Par-delà les raffinements que décoderont les compétents en la matière, la plèbe dont je suis retiendra de ce récit l’enjeu éthique : amplifier artificiellement les capacités humaines est-il acceptable ? Nécessaire ? Condamnable ? Chose certaine, même si les sanglantes scènes d’acrobatie à la Bruce Lee dont le livre est truffé ne constituent pas le rêve de l’auteur, ce n’est certes pas un avenir de sereine diplomatie que promet le virage que souhaite Nexus. Si cette mutation provoque un progrès, ce sera au prix d’importants dommages collatéraux. Même si la cinquième génération de la nano-drogue appelée Nexus se borne théoriquement à mettre les cerveaux en interaction, elle symbolise le contrôle que certains intérêts entendent exercer désormais sur leurs semblables.

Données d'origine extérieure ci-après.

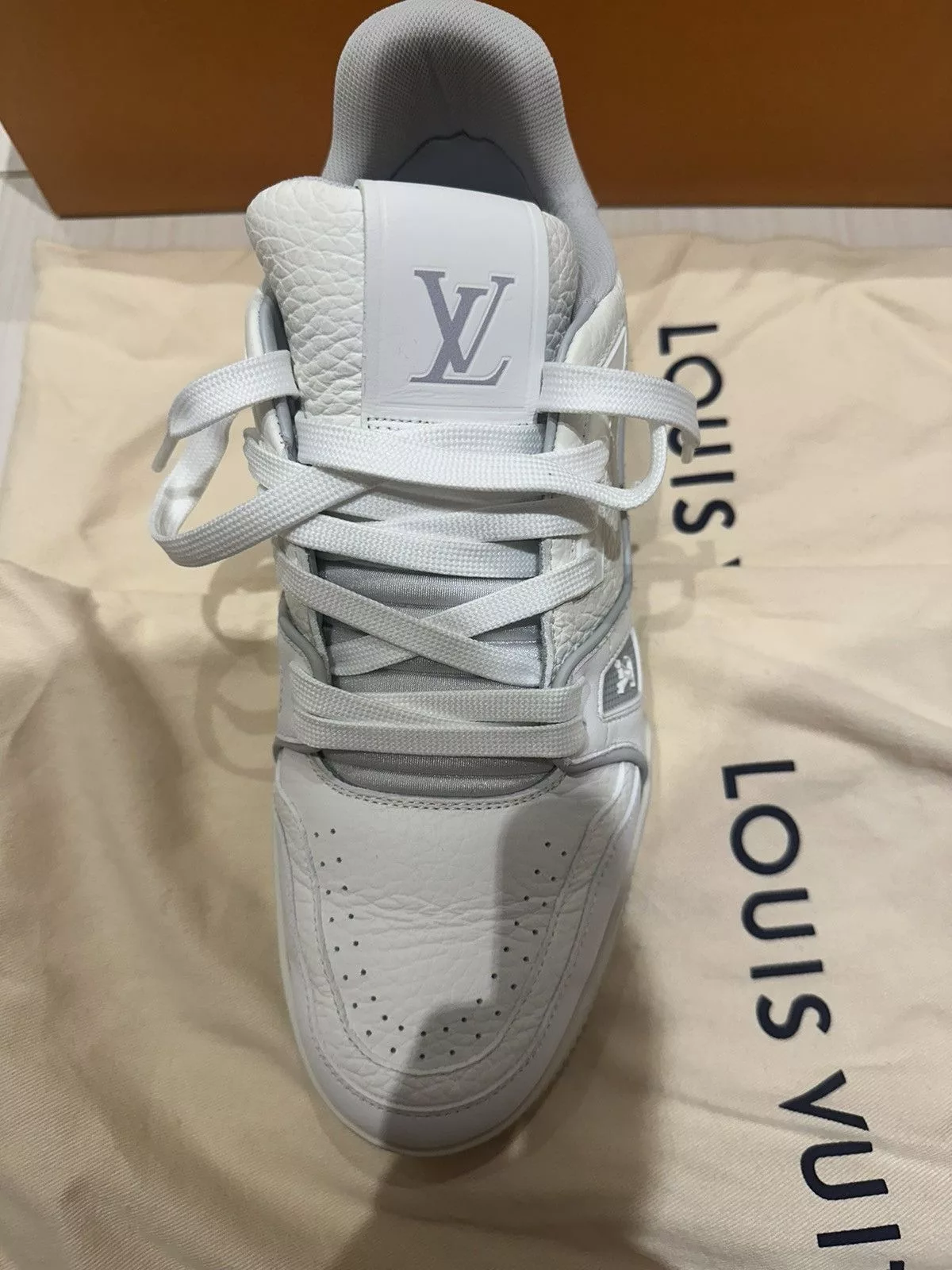 Louis Vuitton Low Top Sneakers Louis Vuitton White & Grey ‘LV Sneaker’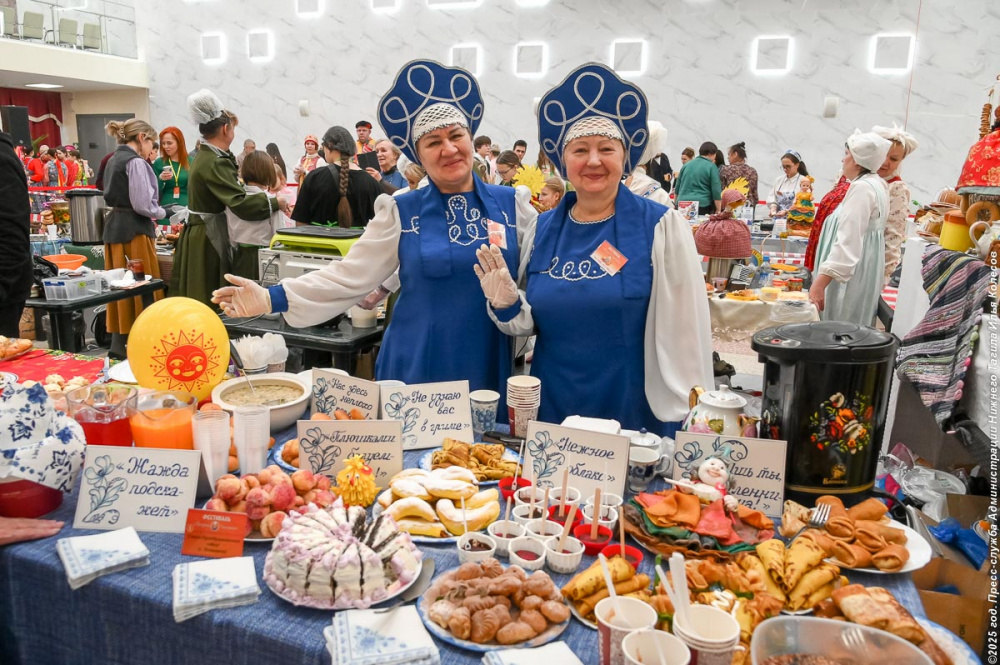 Как прошел фестиваль в честь Масленицы в Нижнем Тагиле: жители города встретились с известным шеф-поваром | На Урале известный шеф-повар устроил мастер-класс на фестивале «Боярыня Масленица»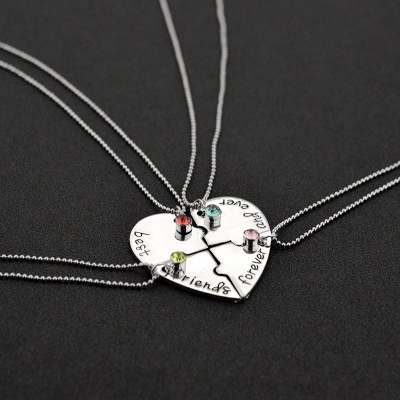 Best friend deals locket for 4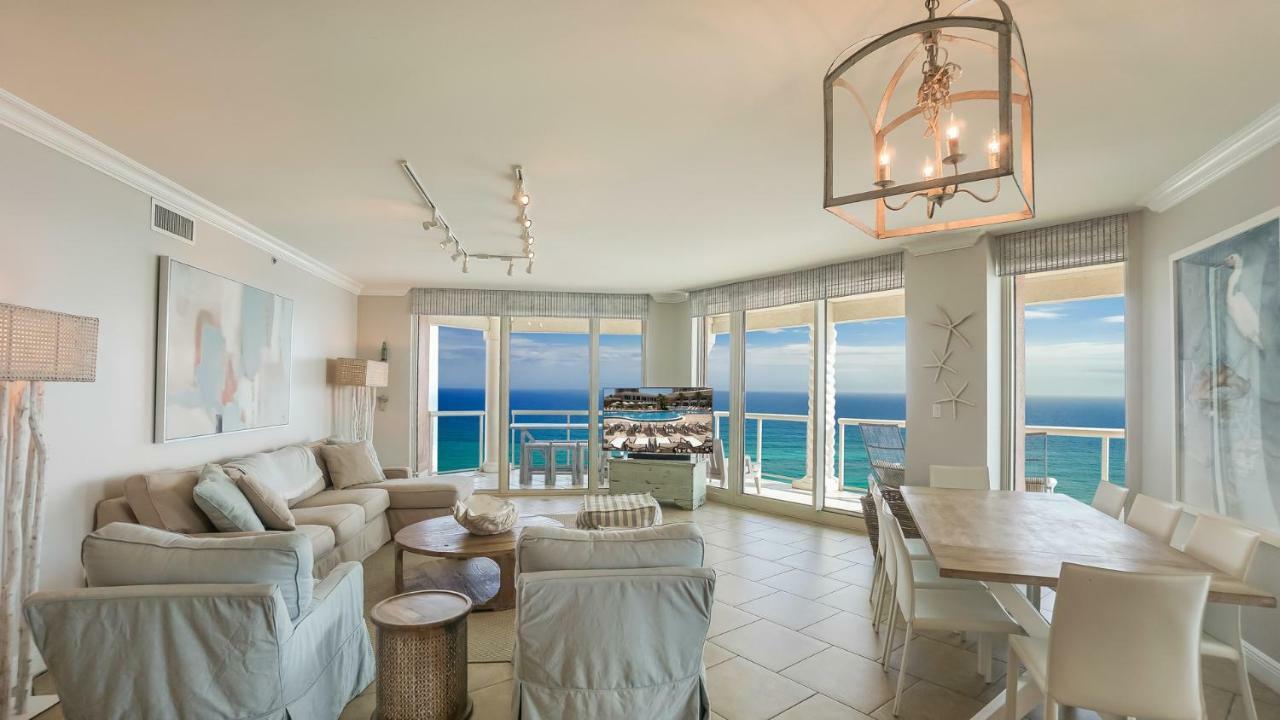Three-Bedroom Apartment Gulf Front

La question est complexe et pertinente. D’une part, ce n’est pas parce que certaines prothèses sont déjà courantes que l’être humain a renoncé à vivre plus longtemps, à tabler sur des réflexes plus aiguisés, à jouir d’une force décuplée. D’autre part, toute armée veut des soldats toujours plus résistants et meilleurs tueurs. La préoccupation éthique à l’égard du remodelage de l’être humain est ainsi confrontée à deux requêtes distinctes : ou combler les attentes légitimes de tout humain ou mettre des muscles additionnels à la disposition des généraux. Comme les milieux militaires n’ont ni l’habitude ni le culte de la transparence, on doit craindre que l’hypothèse sympathique d’un mieux-être du corps et du cerveau humains soit la seule à parvenir au public. Autrement dit, pendant que les militaires continueront à dissimuler leurs expériences, seul le côté rose des découvertes attirera l’attention et fera pencher la balance.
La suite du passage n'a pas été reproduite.